Editorial: Shame on airlines for trying to block basic consumer protections

In what other industry can a business wreck your things, not give you what you paid for?

In what other industry can a business wreck your things, not give you what you paid for, and still have any customers?

No other industry we can think of leaves customers with so few rights as the airline industry.

And the federal government’s attempt to give the flying public some more power has been immediately challenged by the airlines.

And the new regulations are pretty basic: up to $2,400 if you’re bumped from a flight and up to $2,100 for lost or damaged luggage.

Let’s examine these two things, shall we?

Airlines are notorious for overbooking flights. They do this because they want to ensure as many people on board a flight as possible, so they book more than they have seats for, assuming there will be cancellations or no-shows. This can leave people who have booked and paid for flights left at the boarding gate, sometimes for long stretches of time, until the airline has another plane going their way. Too bad if you had plans on the other end.

It’s a practice we don’t think should be allowed.

If airlines are worried about costs, they can mitigate any potential losses through stand-by seats and cancellation policies, not on the backs of air travellers.

As to the second point, ever noticed that more and more people are trying to squeeze everything they need for their trip into the biggest possible carry-on bag? Often with a huge purse and possibly laptop case as well, to maximize their allowable cabin luggage.

It’s become an epidemic. Sometimes staff are even forced to make sure carry-ons don’t exceed the size limit. In some cases they have even had to tell people they must check these bags, even if they are the acceptable size, just because of space issues. It seems reasonable to assume that at least some of the reason is because a lot of people don’t want to let their luggage out of their sight, worried about what will happen to it in the hands of the airline and airport.

Will they ever see it again? Will they see it for the duration of their trip? Will it arrive with everything they packed still inside and undamaged? Some decide it’s not worth the risk.
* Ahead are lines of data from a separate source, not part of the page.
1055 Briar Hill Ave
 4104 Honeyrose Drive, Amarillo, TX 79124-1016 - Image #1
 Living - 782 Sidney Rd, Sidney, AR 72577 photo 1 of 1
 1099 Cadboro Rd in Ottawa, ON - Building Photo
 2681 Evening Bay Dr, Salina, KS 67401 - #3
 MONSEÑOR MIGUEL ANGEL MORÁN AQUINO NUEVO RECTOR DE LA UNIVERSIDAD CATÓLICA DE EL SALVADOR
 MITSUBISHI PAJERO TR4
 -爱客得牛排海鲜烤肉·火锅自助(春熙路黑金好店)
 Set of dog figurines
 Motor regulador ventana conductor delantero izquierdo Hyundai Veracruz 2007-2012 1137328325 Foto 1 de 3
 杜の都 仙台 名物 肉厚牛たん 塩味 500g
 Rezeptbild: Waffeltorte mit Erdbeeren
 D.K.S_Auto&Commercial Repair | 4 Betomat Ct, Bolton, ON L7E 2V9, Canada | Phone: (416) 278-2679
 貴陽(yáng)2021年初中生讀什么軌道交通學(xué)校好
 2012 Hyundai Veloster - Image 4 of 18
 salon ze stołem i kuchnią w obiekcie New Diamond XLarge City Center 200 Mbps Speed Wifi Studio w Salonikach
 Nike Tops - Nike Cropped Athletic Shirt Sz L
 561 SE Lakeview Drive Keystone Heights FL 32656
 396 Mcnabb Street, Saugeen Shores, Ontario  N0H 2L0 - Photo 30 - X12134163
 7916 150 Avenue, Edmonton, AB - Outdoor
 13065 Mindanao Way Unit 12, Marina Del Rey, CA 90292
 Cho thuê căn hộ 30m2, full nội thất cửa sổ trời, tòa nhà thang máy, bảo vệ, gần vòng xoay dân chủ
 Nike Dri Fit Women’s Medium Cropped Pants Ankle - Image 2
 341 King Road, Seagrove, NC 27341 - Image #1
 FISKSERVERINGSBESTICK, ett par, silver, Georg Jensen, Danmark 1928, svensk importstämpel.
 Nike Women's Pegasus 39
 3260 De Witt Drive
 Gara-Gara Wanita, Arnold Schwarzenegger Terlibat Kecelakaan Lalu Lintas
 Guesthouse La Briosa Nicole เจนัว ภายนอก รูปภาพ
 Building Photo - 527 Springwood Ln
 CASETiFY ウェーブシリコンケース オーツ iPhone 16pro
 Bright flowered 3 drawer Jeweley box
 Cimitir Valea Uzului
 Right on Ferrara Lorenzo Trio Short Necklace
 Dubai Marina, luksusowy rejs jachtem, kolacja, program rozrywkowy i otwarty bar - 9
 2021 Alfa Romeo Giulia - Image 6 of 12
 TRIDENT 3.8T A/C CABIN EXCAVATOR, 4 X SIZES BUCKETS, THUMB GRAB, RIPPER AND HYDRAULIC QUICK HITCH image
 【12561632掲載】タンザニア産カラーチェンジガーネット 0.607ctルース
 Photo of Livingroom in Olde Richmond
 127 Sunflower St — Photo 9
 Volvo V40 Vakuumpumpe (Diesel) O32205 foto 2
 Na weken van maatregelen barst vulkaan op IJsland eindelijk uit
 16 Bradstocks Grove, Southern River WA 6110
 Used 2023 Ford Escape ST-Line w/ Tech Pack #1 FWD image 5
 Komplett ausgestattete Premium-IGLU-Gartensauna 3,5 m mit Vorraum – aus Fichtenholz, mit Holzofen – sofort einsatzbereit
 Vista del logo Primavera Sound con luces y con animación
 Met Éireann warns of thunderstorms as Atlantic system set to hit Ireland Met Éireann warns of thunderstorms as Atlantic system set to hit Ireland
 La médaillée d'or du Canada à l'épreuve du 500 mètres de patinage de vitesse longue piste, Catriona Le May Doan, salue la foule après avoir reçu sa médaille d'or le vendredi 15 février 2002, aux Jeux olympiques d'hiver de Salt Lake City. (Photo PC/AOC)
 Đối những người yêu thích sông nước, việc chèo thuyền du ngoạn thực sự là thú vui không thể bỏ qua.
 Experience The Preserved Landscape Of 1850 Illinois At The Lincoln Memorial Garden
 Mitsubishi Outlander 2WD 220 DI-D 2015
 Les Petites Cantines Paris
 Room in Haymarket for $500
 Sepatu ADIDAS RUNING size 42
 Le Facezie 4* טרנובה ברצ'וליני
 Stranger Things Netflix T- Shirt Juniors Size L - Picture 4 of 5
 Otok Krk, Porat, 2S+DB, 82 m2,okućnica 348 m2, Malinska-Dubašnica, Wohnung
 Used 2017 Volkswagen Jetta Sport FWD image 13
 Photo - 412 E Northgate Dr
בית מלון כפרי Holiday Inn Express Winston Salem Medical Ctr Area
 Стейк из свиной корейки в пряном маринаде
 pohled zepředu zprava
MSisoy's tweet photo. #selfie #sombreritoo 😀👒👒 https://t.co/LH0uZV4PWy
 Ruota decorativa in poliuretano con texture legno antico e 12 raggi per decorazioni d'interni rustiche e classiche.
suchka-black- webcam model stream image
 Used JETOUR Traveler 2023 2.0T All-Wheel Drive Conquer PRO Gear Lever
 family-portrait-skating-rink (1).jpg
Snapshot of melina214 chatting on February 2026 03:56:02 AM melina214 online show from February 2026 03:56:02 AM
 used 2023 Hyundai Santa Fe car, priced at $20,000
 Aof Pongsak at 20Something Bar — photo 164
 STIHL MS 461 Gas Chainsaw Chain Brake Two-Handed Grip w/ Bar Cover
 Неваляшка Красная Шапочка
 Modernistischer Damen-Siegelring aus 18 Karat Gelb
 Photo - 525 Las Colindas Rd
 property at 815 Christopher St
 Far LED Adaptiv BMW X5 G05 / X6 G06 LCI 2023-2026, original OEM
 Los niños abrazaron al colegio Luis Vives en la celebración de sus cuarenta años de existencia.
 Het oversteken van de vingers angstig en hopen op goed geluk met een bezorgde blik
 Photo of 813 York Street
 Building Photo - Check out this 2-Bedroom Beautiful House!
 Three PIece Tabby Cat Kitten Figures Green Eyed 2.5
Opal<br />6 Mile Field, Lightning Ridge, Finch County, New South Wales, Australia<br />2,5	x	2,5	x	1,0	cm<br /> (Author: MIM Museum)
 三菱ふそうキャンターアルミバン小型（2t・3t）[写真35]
Some basic compensation seems little to ask if your things get damaged or lost while under the airline’s care. It also seems little to ask that you get some kind of compensation if you can’t get on your plane.

It’s even less to ask that if you’re stuck in a plane on the tarmac for hours that you’re provided with air conditioning, food and water (astonishingly, this has not always been the default).

Shame on the airlines for trying to block this consumer protection.